Search code examples
pythonrscipybetaparameterization

alpha and beta estimates for beta binomial and beta distributions


I am trying to fit my data to a beta-binomial distribution and estimate the alpha and beta shape parameters. For this distribution, the prior is taken from a beta distribution. Python does not have a fit function for beta-binomial but it does for beta. The python beta fitting and R beta binomial fitting is close but systematically off.

R:

library("VGAM")
x = c(222,909,918,814,970,346,746,419,610,737,201,865,573,188,450,229,629,708,250,508)
y = c(2,18,45,11,41,38,22,7,40,24,34,21,49,35,31,44,20,28,39,17)
fit=vglm(cbind(y, x) ~ 1, betabinomialff, trace = TRUE)
Coef(fit)
   shape1    shape2 
  1.736093 26.870768

python:

import scipy.stats
import numpy as np
x = np.array([222,909,918,814,970,346,746,419,610,737,201,865,573,188,450,229,629,708,250,508], dtype=float)
y = np.array([2,18,45,11,41,38,22,7,40,24,34,21,49,35,31,44,20,28,39,17])
scipy.stats.beta.fit((y)/(x+y), floc=0, fscale=1)
    (1.5806623978910086, 24.031893492546242, 0, 1)

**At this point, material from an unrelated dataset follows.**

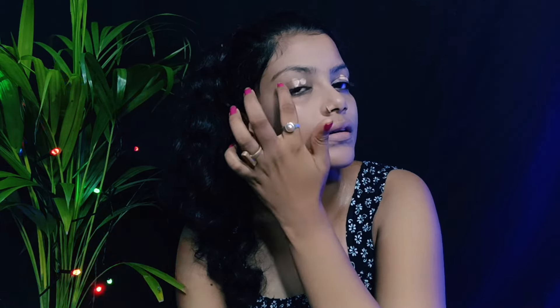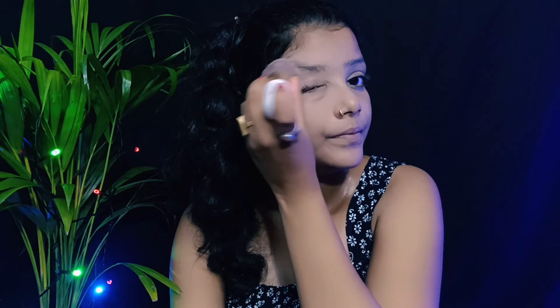So my foundation is complete, so next I'm applying concealer. I'm applying my concealer. Very good.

I have done this many times and it seems like python is systematically a little bit lower than the R results. I was wondering if this is an input error on my part or just a difference in the way they are calculated?


Solution

  • Your problem is that fitting a beta-binomial model is just not the same as fitting a Beta model with the values equal to the ratios. I'm going to illustrate here with the bbmle package, which will fit similar models to VGAM (but with which I'm more familiar).

    Preliminaries:

    library("VGAM")  ## for dbetabinom.ab
    x <- c(222,909,918,814,970,346,746,419,610,737,
           201,865,573,188,450,229,629,708,250,508)
    y <- c(2,18,45,11,41,38,22,7,40,24,34,21,49,35,31,44,20,28,39,17)
    
    library("bbmle")
    

    Fit beta-binomial model:

    mle2(y~dbetabinom.ab(size=x+y,shape1,shape2),
         data=data.frame(x,y),
         start=list(shape1=2,shape2=30))
    ## Coefficients:
    ##    shape1    shape2 
    ##  1.736046 26.871526 
    

    This agrees more or less perfectly with the VGAM result you quote.

    Now use the same framework to fit a Beta model instead:

    mle2(y/(x+y) ~ dbeta(shape1,shape2),
         data=data.frame(x,y),
         start=list(shape1=2,shape2=30))
    ## Coefficients:
    ##    shape1    shape2 
    ## 1.582021 24.060570 
    

    This fits your Python, beta-fit result. (I'm sure if you used VGAM to fit the Beta you'd get the same answer too.)